**DATA EXTRACTS**
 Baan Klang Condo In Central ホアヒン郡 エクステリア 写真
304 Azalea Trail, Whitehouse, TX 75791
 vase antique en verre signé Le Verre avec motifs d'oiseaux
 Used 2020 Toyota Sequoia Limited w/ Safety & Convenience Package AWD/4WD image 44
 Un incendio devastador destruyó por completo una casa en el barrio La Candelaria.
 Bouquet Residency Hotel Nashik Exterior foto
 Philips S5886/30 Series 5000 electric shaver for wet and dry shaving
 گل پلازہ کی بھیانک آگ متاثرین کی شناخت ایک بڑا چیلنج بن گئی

**THE TASK**
A word-for-word restatement of the lines running from the one with "Used 2020 Toyota" to the last line of the records is the whole answer.

**ANSWER TO THIS EXERCISE**
 Used 2020 Toyota Sequoia Limited w/ Safety & Convenience Package AWD/4WD image 44
 Un incendio devastador destruyó por completo una casa en el barrio La Candelaria.
 Bouquet Residency Hotel Nashik Exterior foto
 Philips S5886/30 Series 5000 electric shaver for wet and dry shaving
 گل پلازہ کی بھیانک آگ متاثرین کی شناخت ایک بڑا چیلنج بن گئی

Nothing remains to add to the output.